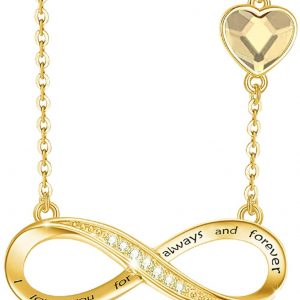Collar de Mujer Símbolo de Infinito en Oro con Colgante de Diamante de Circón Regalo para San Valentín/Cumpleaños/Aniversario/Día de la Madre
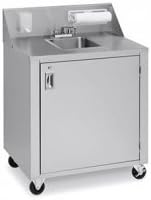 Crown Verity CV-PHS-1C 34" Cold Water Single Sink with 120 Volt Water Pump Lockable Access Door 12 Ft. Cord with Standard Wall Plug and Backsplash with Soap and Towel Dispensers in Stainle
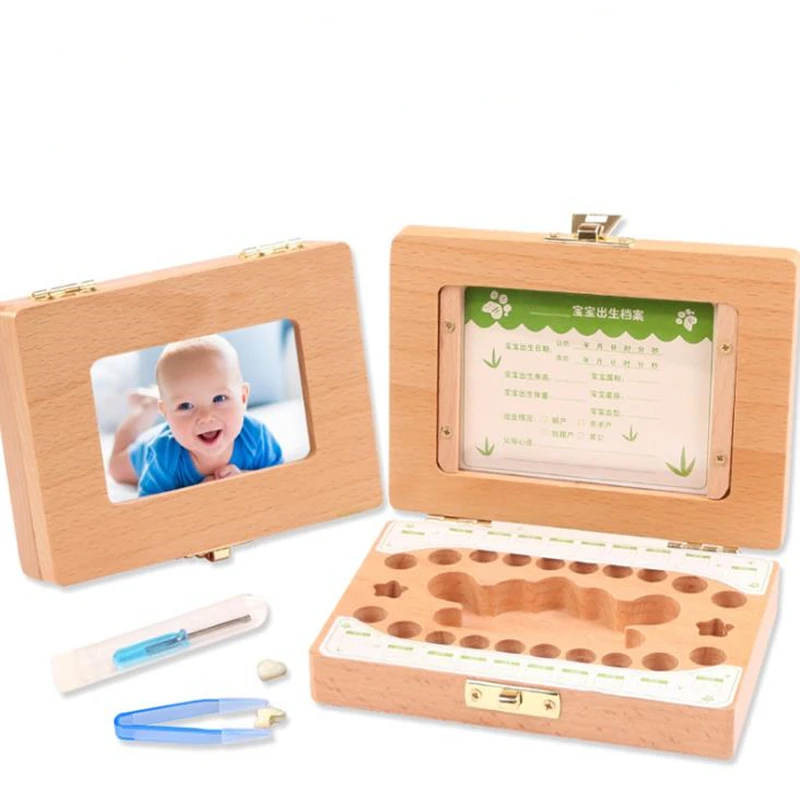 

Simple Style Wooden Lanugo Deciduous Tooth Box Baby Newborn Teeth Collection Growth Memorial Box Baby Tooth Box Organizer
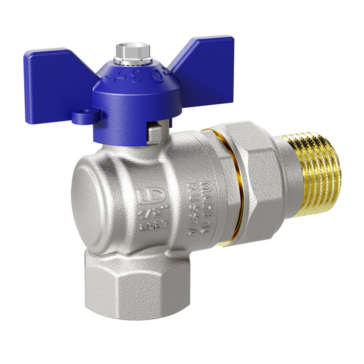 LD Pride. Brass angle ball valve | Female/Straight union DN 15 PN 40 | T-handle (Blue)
==
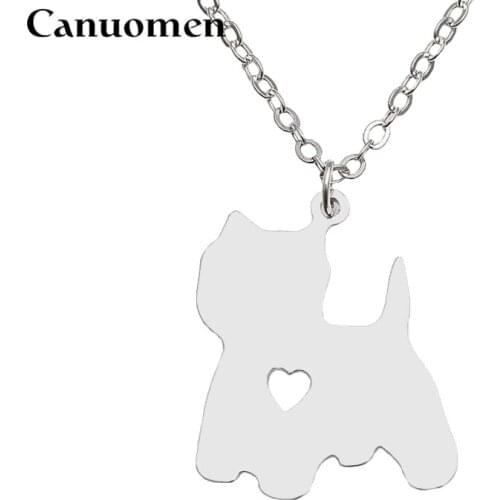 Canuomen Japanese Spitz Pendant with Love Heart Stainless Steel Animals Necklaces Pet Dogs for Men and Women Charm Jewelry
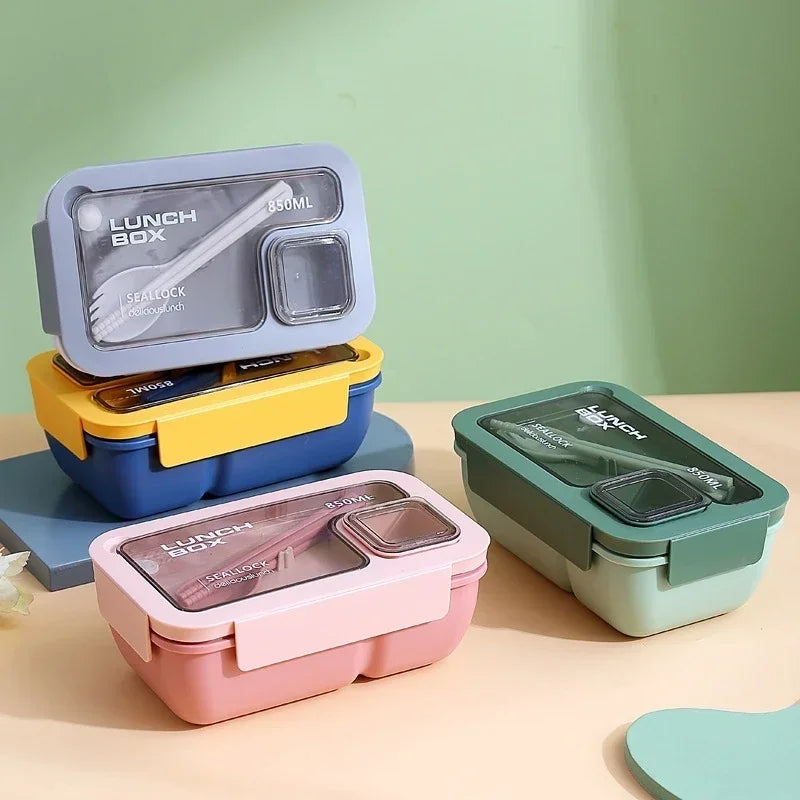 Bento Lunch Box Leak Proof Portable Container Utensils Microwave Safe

What the exercise asks: Lines from the one above containing "Collar de Mujer" down to the one containing "LD Pride. Brass" should be transcribed exactly, with both ends kept and no pictures.

Solution for this problem:
Collar de Mujer Símbolo de Infinito en Oro con Colgante de Diamante de Circón Regalo para San Valentín/Cumpleaños/Aniversario/Día de la Madre
 Crown Verity CV-PHS-1C 34" Cold Water Single Sink with 120 Volt Water Pump Lockable Access Door 12 Ft. Cord with Standard Wall Plug and Backsplash with Soap and Towel Dispensers in Stainle

Simple Style Wooden Lanugo Deciduous Tooth Box Baby Newborn Teeth Collection Growth Memorial Box Baby Tooth Box Organizer
 LD Pride. Brass angle ball valve | Female/Straight union DN 15 PN 40 | T-handle (Blue)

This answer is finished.